Proof that the rationals are not a G_\delta set.

[AxiomOfChoice]

I understand that showing \mathbb Q is not a G_\delta set is quite a non-trivial exercise, involving (among other things) an invocation of the Baire category theorem. Do any of you guys know it, or know where I can find it online? I'd really appreciate it.

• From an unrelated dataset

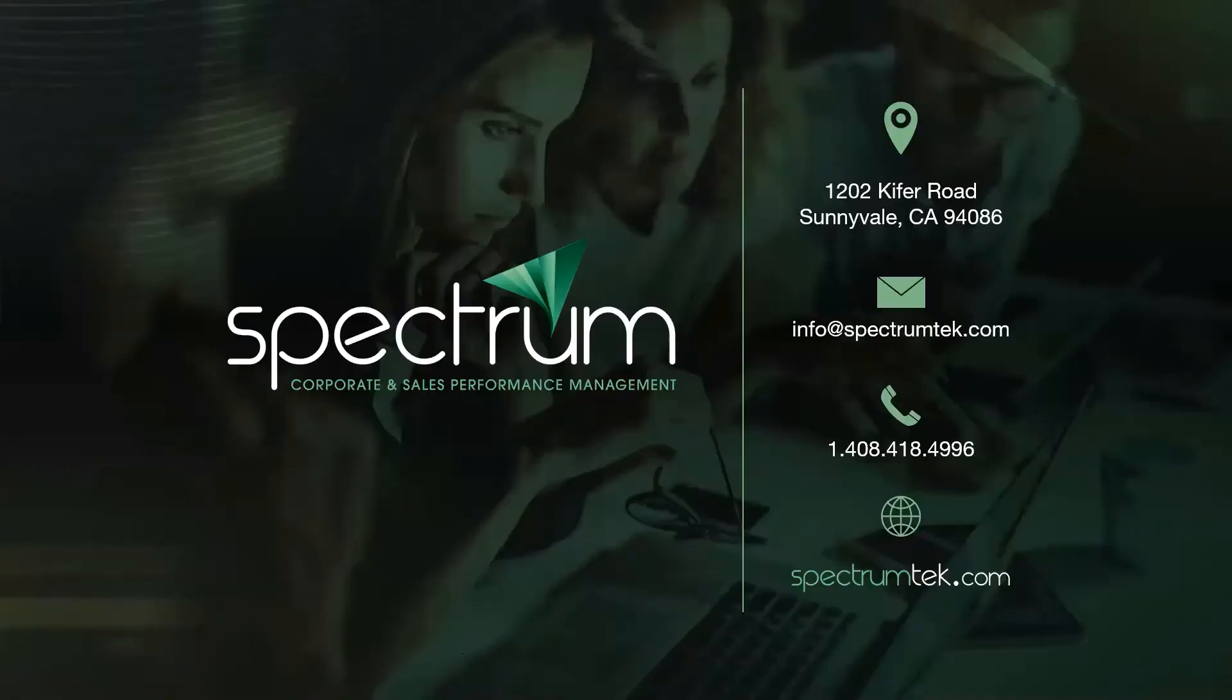Hope this tutorial was helpful. If you want to learn more about SAP Commissions topics, please visit our YouTube channel. Thank you.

Thanks!

 

[snipez90]

I think I encountered this when I had to show that there does not exist a function from R to R that is continuous on the rationals and discontinuous on the irrationals.

You could start with http://en.wikipedia.org/wiki/Gδ_set#Examples".

 

[AxiomOfChoice]

I think I encountered this when I had to show that there does not exist a function from R to R that is continuous on the rationals and discontinuous on the irrationals.

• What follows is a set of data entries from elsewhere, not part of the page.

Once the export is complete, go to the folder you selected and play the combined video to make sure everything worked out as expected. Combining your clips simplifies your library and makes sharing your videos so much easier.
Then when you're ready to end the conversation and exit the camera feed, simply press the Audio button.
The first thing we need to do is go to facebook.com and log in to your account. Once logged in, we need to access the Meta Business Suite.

You could start with http://en.wikipedia.org/wiki/Gδ_set#Examples".

Thanks. I actually *did* start there, but was a little mystified by the following statement:

"If we were able to write \mathbb Q = \bigcap_1^\infty \mathcal O_n for open sets \mathcal O_n, each \mathcal O_n would have to be dense in \mathbb R since \mathbb Q is dense in \mathbb R."

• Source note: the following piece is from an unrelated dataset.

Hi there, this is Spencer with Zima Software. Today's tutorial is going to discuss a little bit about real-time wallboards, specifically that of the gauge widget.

Why is this so? What, or who, says that if you write a dense set as an intersection of open sets, each of the sets in the intersection has to be dense?

 

[adriank]

Any set containing a dense set is itself dense: Since \mathbb{Q} \subseteq \mathcal{O}_n \subseteq \mathbb{R}, we have \mathbb{R} = \bar{\mathbb{Q}} \subseteq \bar{\mathcal{O}}_n \subseteq \mathbb{R}.

 

[AxiomOfChoice]

Any set containing a dense set is itself dense: Since \mathbb{Q} \subseteq \mathcal{O}_n \subseteq \mathbb{R}, we have \mathbb{R} = \bar{\mathbb{Q}} \subseteq \bar{\mathcal{O}}_n \subseteq \mathbb{R}.

Of course! I don't know why I didn't realize that! I guess my mind was inexplicably converting the \cap into a \cup. The proof on Wikipedia makes sense to me now. (The provision of the Baire category theorem that is violated, BTW, is that if \{ \mathcal O_n \}_1^\infty is a collection of dense open sets, then so is \bigcap_1^\infty \mathcal O_n.)

 

[adriank]

Minor pedantry: the BCT says that a countable intersection of dense open sets is dense; not necessarily open.